1-2. Lunge da lei (La Traviata)
3. O figli (Macbeth)
4. Questa o quella (Rigoletto)
5-7. Ella mi fu rapita (Rigoletto)
8. La donna e mobile (Rigoletto)
9. Quanto e bella (L'elisir d'amore)
10-12. Tombe degli avi miei (Lucia di Lammermoor)
13. La dolcissima effigie (Adriana Lecouvreur)
14. Lamento di Federico (L'arlesiana)
15. Addio fiorito asil (Madama Butterfly)

Riccardo CHAILLY
Choeur et Orchestre Giuseppe Verdi

Enregistré de mars à septembre 2003 à l'Auditorium de Milan 
1 SACD Decca 470 648-2



Une jolie carte de visite ! 
 

L'île de Malte n'avait pas attendu son entrée dans l'Union européenne pour apporter sa contribution à l'Europe lyrique. Après l'excellente (et trop rare en France) Miriam Gauci, nous avons ainsi vu apparaître le ténor Joseph Calleja, lauréat à dix-neuf ans du concours du Belvédère et qui poursuit depuis une prometteuse carrière internationale. Il se plie aujourd'hui à l'exercice obligé que constitue un premier récital discographique : donner l'aperçu le plus flatteur de ses possibilités actuelles dans une sorte d'équivalent musical des catalogues de vente par correspondance. Le programme est donc des plus traditionnels et, de Donizetti à Puccini, ne recouvre que des chevaux de bataille bien établis. Programmation sans risque, alors ? Pas vraiment, puisque l'interprète sait qu'il devra soutenir la comparaison avec des générations de ténors qui se sont illustrés dans ces rôles, et qu'il lui faudra impérativement être en mesure d'affirmer sa personnalité. Dans le cas contraire, le récital serait immédiatement relégué au rang des essais inutiles, le public étant de moins en moins disposé à cautionner certains récitals incolores, inodores et sans saveur, comme les majors ont parfois cherché à lui en imposer ces dernières années à grand renfort de publicité (ce que je nommerais le syndrome Netrebko). Dans le cas présent, je pense que ce péril est écarté. Voici un récital que nous aurons plaisir à réentendre, car il met en scène un artiste sincère et attachant.

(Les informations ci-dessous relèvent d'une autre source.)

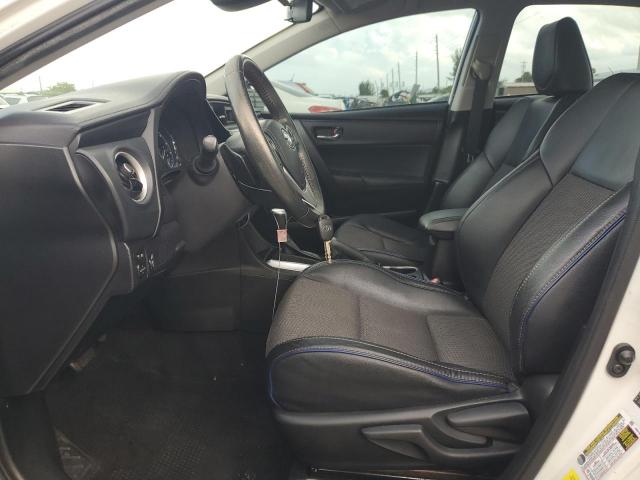 Toyota Corolla L Image 12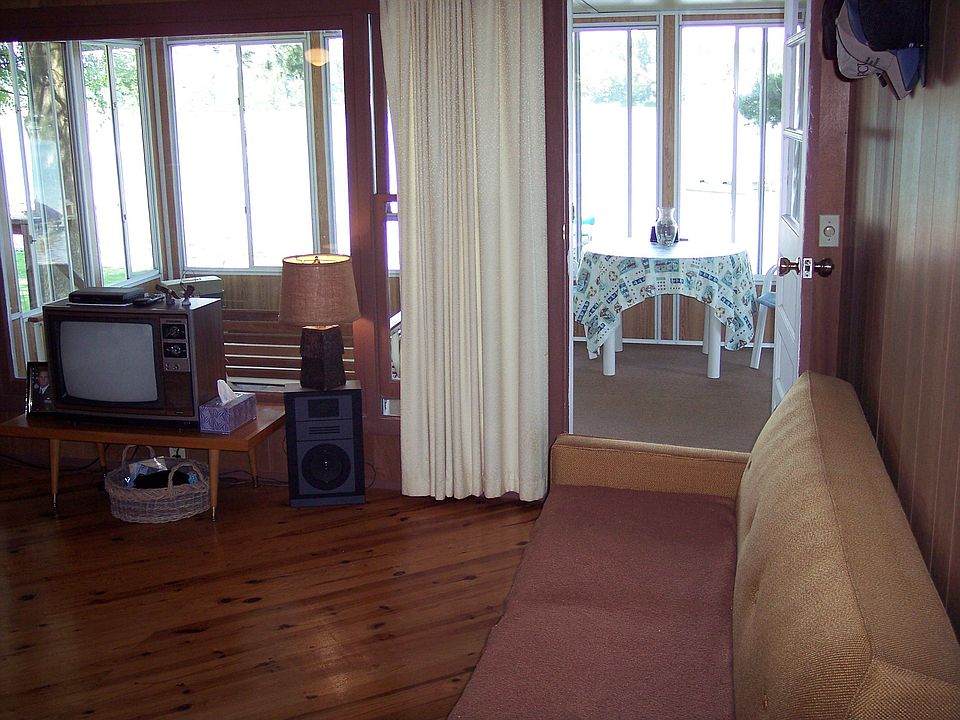 2nd image of 3585 S Roy Dr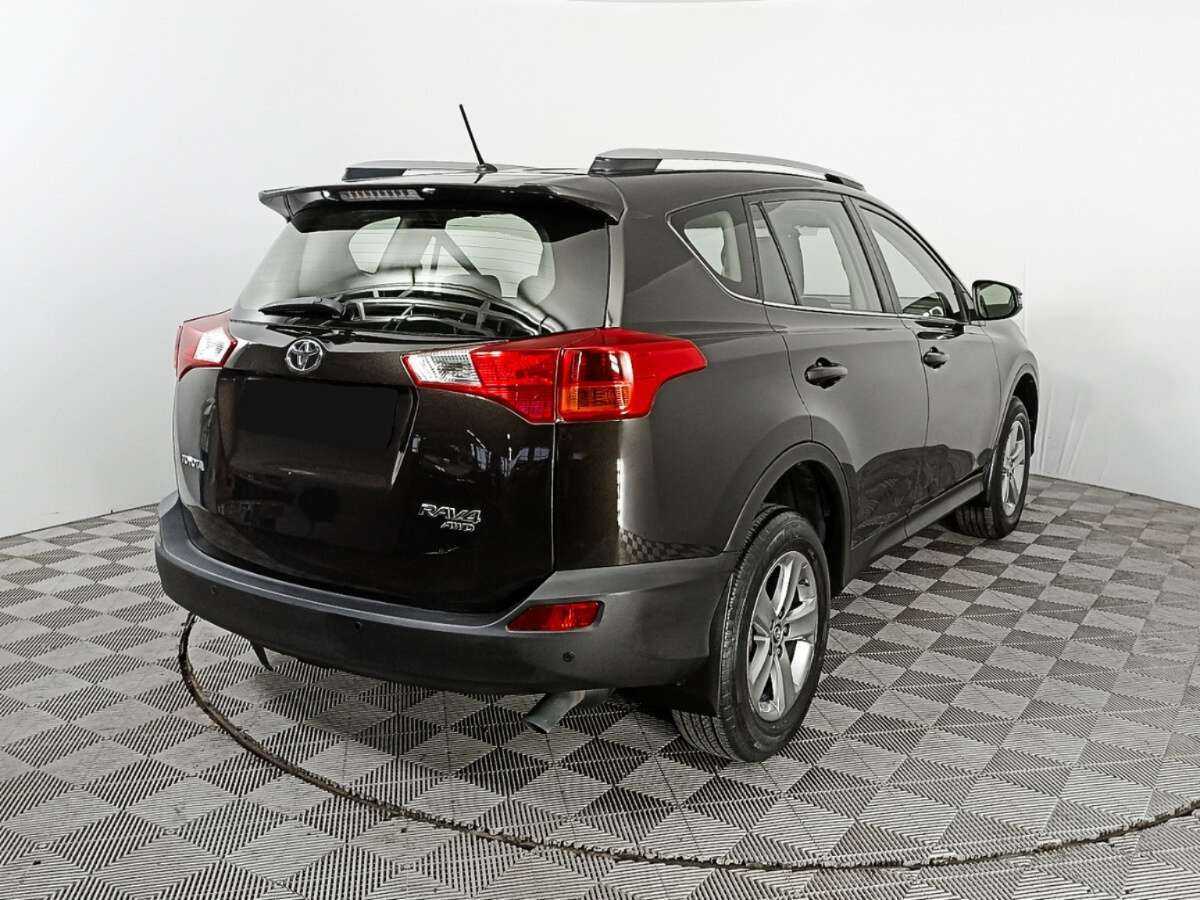 Toyota RAV4 2014 года с пробегом. Фото: #4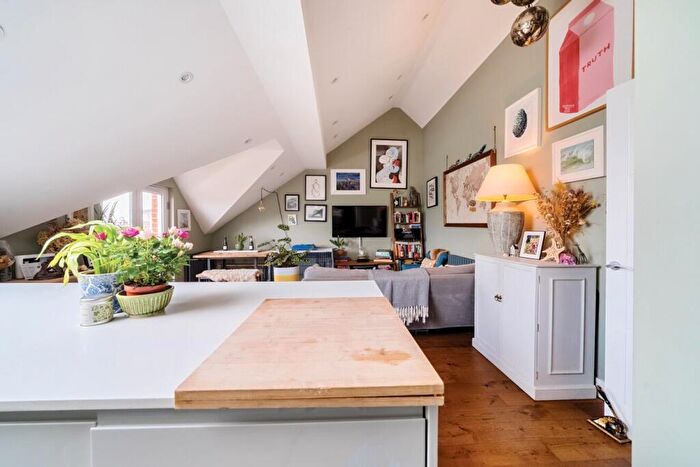 2 Bedroom Flat For Sale In Hanover Park, Peckham, London, SE15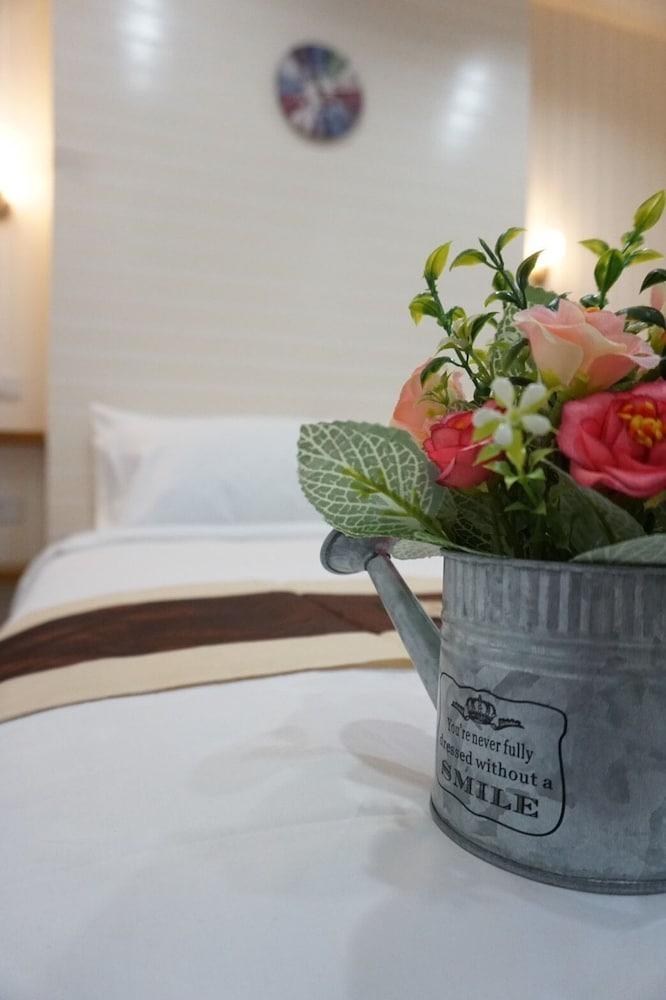 The Aam Resort Bang Sa-Re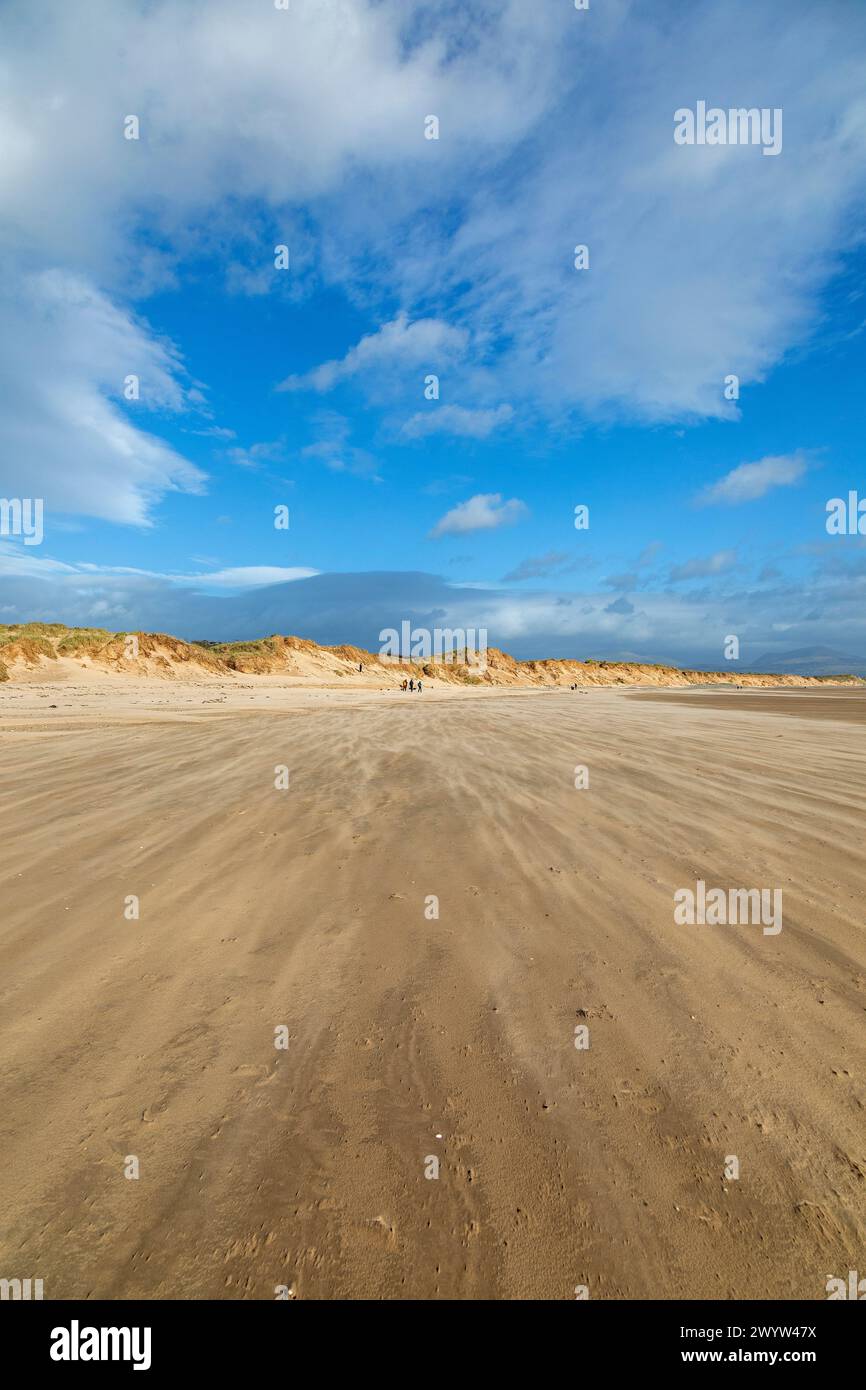 Wind weht Sand über Strand, Wolken, LLanddwyn Bay, Newborough, Anglesey Island, Wales, Großbritannien Stockfoto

C'est à dessein que je parle de mise en scène, car on sent ici une volonté franche d'aboutir à autre chose qu'à une succession de numéros de cirque. L'alternance entre arias et scènes, les interventions des choeurs et de trop modestes seconds rôles, la collaboration active d'un des chefs les plus éminents de ce début de siècle qui manque terriblement de pointures (au point que certains voudraient faire prendre au public parisien un honnête artisan pour le Messie), tout concourt à nous rapprocher du théâtre. Et c'est probablement le meilleur parti à prendre pour notre ténor, qui n'étale pas ici un aigu insolent (fanatiques de la contre note flamboyante, passez votre chemin !) même s'il s'astreint à un effort apparent pour conclure La donna e mobile. De même, le timbre, sans être aucunement désagréable, n'est pas l'un des plus ensoleillés qui égayent la scène lyrique. C'est en revanche l'interprète et le musicien qui méritent ici toute notre attention.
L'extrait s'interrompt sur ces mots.